The most important antagonists of pro-inflammatory cytokines are regulatory cytokines - il-4, il-10.

Thus, the cytokine system for all diversity is a single and integrated network, the disturbances in which can lead to a breakdown in self-regulation, a change in the direction of the immune response, which becomes particularly important in the early stages of embryo development.

Therefore, it is extremely important that all cytokine parameters are within the normal range before the onset of pregnancy. The normal course of pregnancy is largely determined by the ratio of immunomodulating and immunosuppressive effects in the endometrium, trophoblast, and subsequently in the placenta, in the regulation of which the components of the cytokine system directly participate.

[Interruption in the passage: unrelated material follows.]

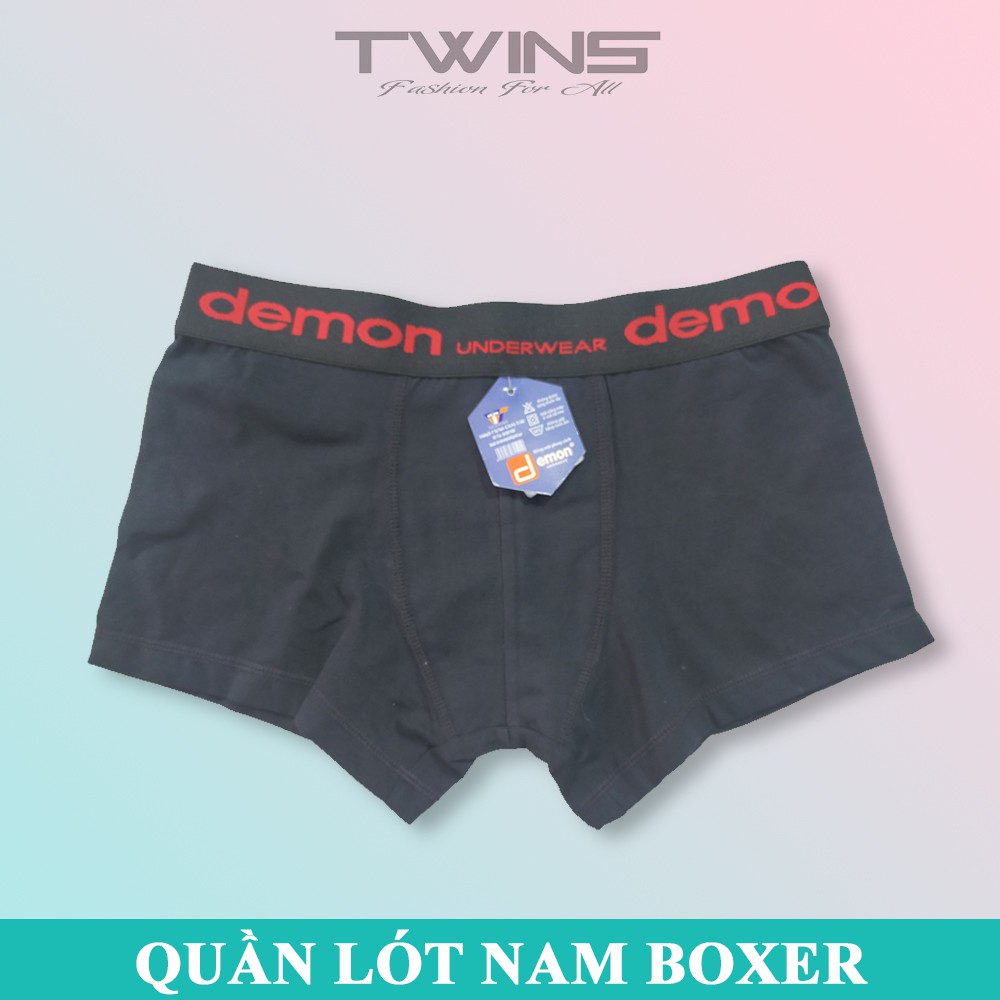 Quần lót nam boxer đùi cao cấp cotton Demon chính hãng lưng to bền đẹp, thoáng mát, thấm hút mồ hôi, co giãn thoải mái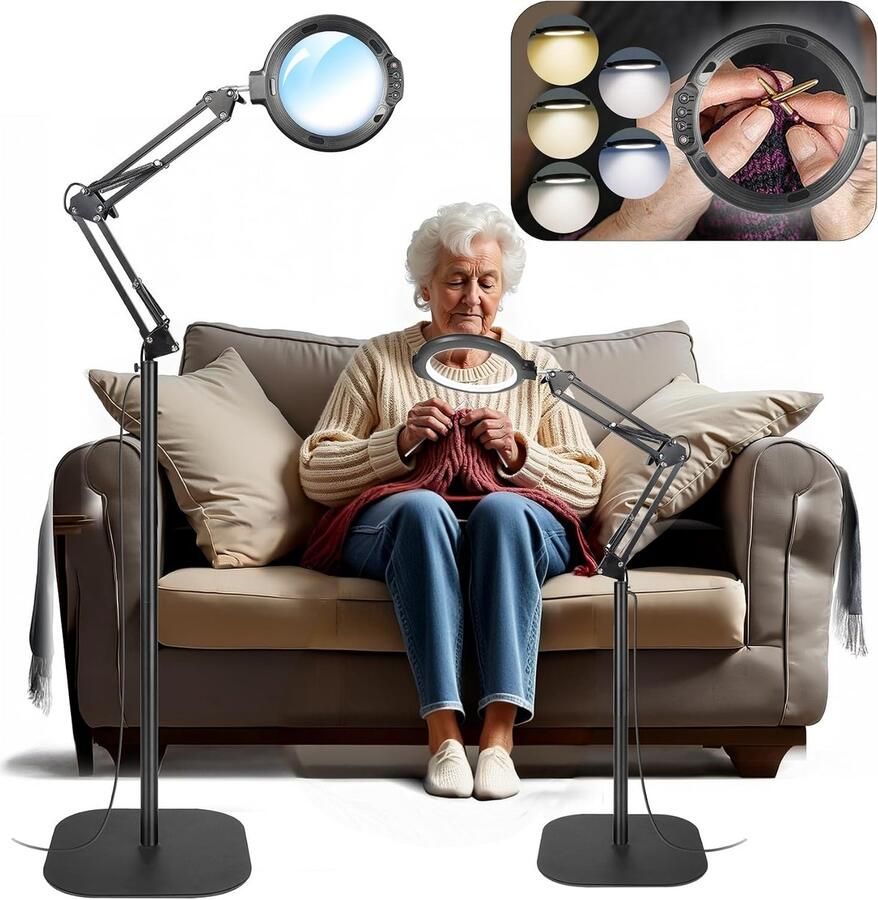 12 x vloerloep met licht en standaard flexibele zwenkarm vergrootlamp met 54 leds 5 kleurmodi traploos dimbaar handsfree vergrootglas voor lezen naaien handwerk fijn werk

  • Study of autoantibodies.

Autoimmunity - a mirror image of tolerance, indicates the loss of tolerance by the body, immunity to its own antigens. Normally, the immune system inhibits the autoreactivity of lymphocytes through regular mechanisms. Violation of them can lead to autoimmune pathology. The literature describes many options for the development of autoimmunity. It is assumed that the intracellular viral infection changes the antigenic nature of the "own" cell, as a result of which antibodies against the "own" cell may appear. It is possible that microorganisms have common antigens with the human body, in this case there is an insufficient elimination of all autoreactive B lymphocytes and the occurrence of autoantibodies. Assume the presence of genetic influences at the level of B-lymphocytes, subpopulations of T-cells, macrophages, target tissues and hormones.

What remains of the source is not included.